I equate using urine as fertilizer along with other home remedies, such as using cayenne pepper and dishwashing liquid as an insect repellent. You can find recipes for all sorts of garden home remedies using basic household items. But nowhere on a bottle of dishwashing liquid are directions for use on plants. There is nothing about a bottle of beer that would make me want to pour it on my lawn, nor am I reaching for the epsom salts when planting roses.
When looking at commercial fertilizer for use in the garden, you can't go wrong if you read the manufacturer's directions. These are the guys who held trial after trial to get the right combination of nutrients.
Those three numbers on the label, separated by dashes that represent NPK, are units of measure by weight. For example, if your package of fertilizer is listed as 5-10-5, this means that by weight, five percent of the ingredients is nitrogen, 10 percent is phosphorus and five percent is potassium. In other words, in a 10 pound bag of fertilizer, one-half pound is made up of nitrogen, one pound is phosphorus and one-half pound is potassium. The remaining 80 percent (or eight pounds) could contain trace minerals and micronutrients, but it is mostly filler. This filler material is important. It allows us to evenly distribute the fertilizer and keeps us from applying too much or too little of the nutrients.
If you've done the math, you might be wondering if using 10-20-10 in place of 5-10-5 would make much difference. Other than the amount of distribution, those fertilizers are exactly the same.
Nitrogen is needed for foliage growth. Phosphorus is needed for roots and the setting of flower buds and potassium feeds the plant overall, not only helping it build resistance to pests and diseases but enabling it to deal with imbalances in the environment, such as drought.

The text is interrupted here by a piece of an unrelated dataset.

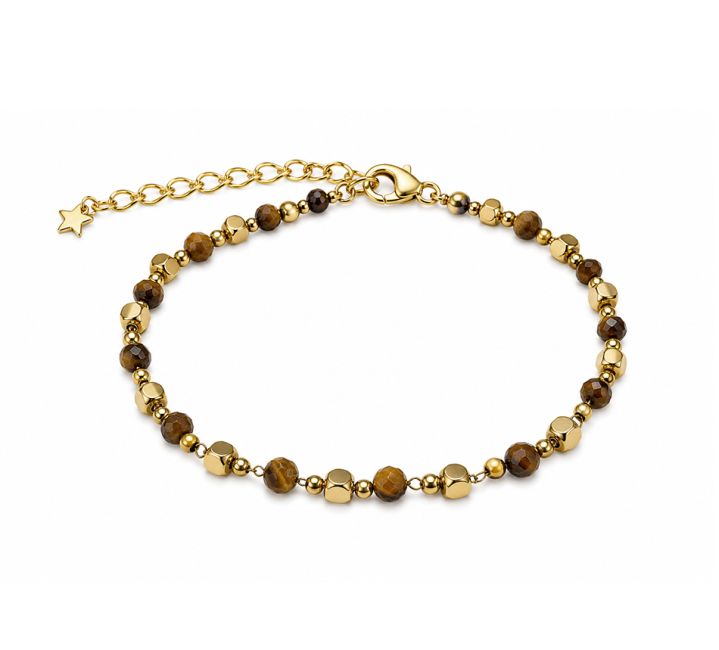 Pulseira Energética Olho de Tigre A – Contas Douradas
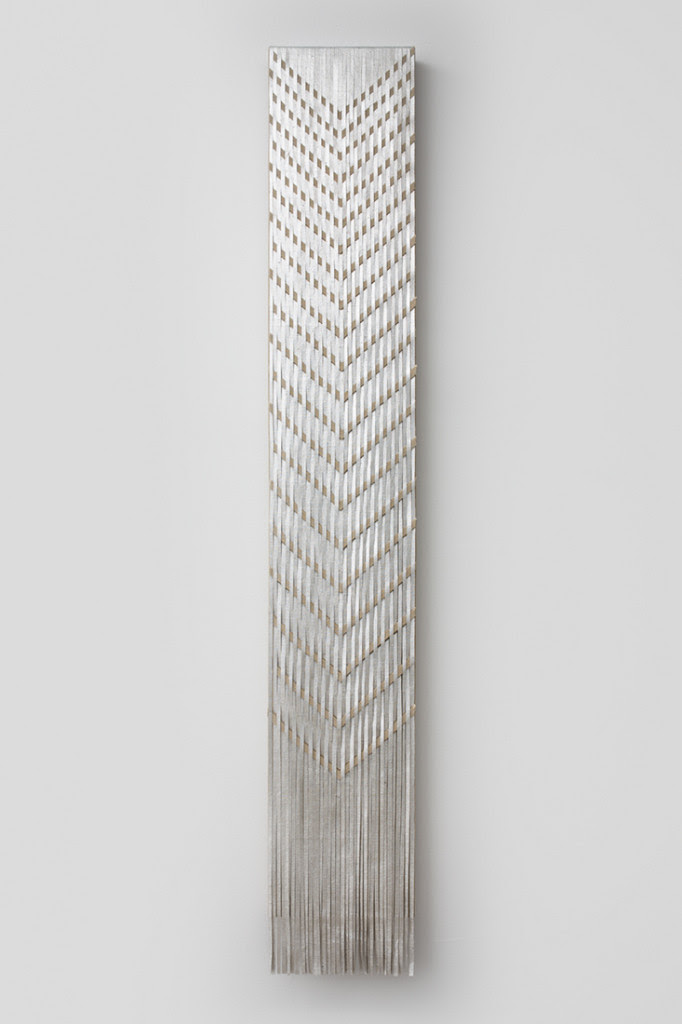 South , 2014, Composition metal leaf on linen on wood panel, 58 x 9 inches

A fertilizer that contains all three major nutrients is called a "complete" fertilizer. When you see a label marked 0-10-10, this means the product doesn't contain nitrogen. This is an incomplete fertilizer.
Organic fertilizers, like fish emulsion and bone meal contain no synthetic materials. Organic fertilizers often have lesser amounts of NPK and you will probably have to feed your garden more often and use more of it.
When it comes to fertilizers, there is no one size fits all. The best way to find out what your soil needs is to do a soil test. Test results will keep you from adding all sorts of chemicals you don't really need.
You can't go wrong by using lots of compost in your garden. This will not only add micronutrients that work with NPK to keep our plants healthy, but it will loosen the soil so that water and oxygen can get to the plants' roots.